**REQUIREMENT**
Your answer must be an exact copy of the entries, containing no images.

═══ DATA EXTRACTS ═══

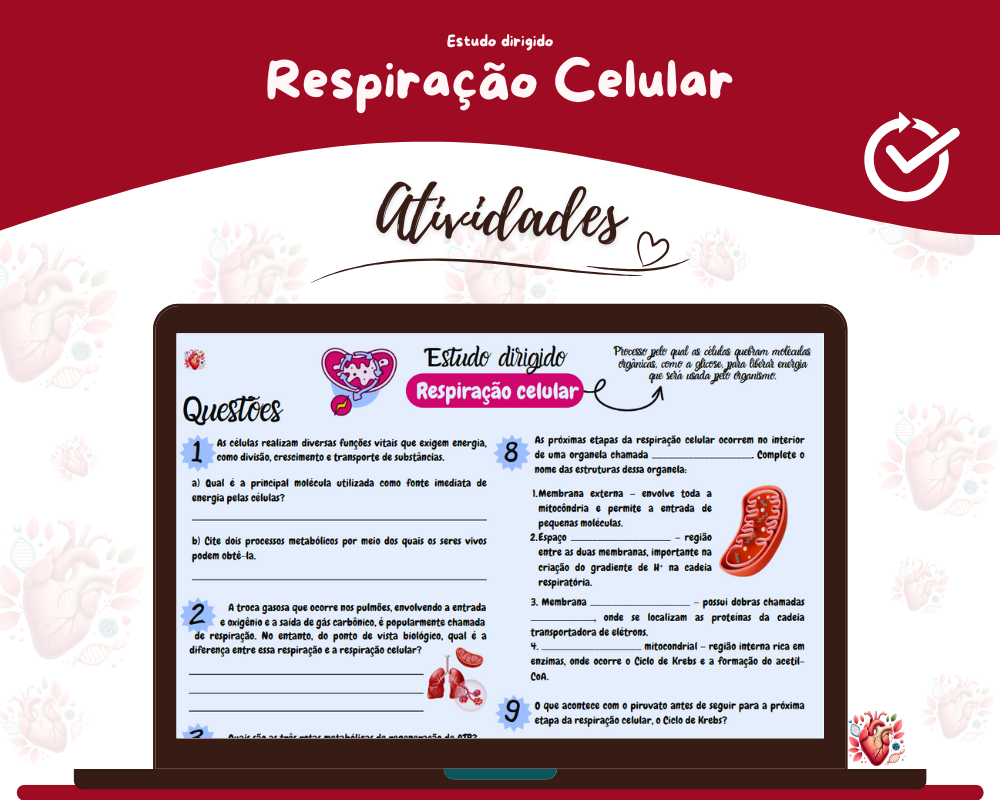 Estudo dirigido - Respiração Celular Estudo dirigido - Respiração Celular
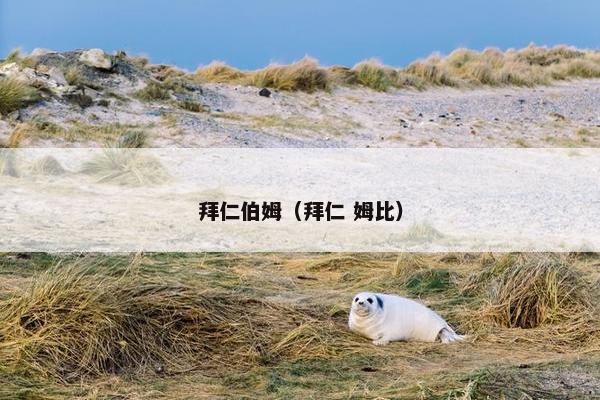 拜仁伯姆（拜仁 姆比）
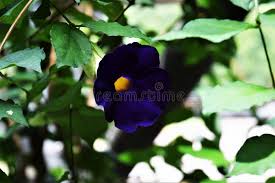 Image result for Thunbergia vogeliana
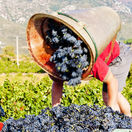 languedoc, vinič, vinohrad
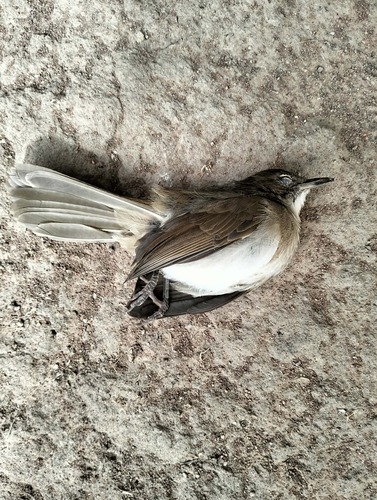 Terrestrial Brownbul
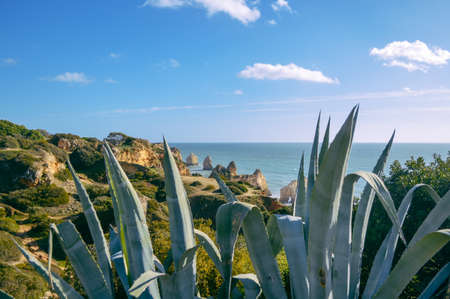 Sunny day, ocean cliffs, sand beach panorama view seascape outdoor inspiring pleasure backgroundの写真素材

═══

**SOLUTION TO THE EXERCISE**
 Estudo dirigido - Respiração Celular Estudo dirigido - Respiração Celular
 拜仁伯姆（拜仁 姆比）
 Image result for Thunbergia vogeliana
 languedoc, vinič, vinohrad
 Terrestrial Brownbul
 Sunny day, ocean cliffs, sand beach panorama view seascape outdoor inspiring pleasure backgroundの写真素材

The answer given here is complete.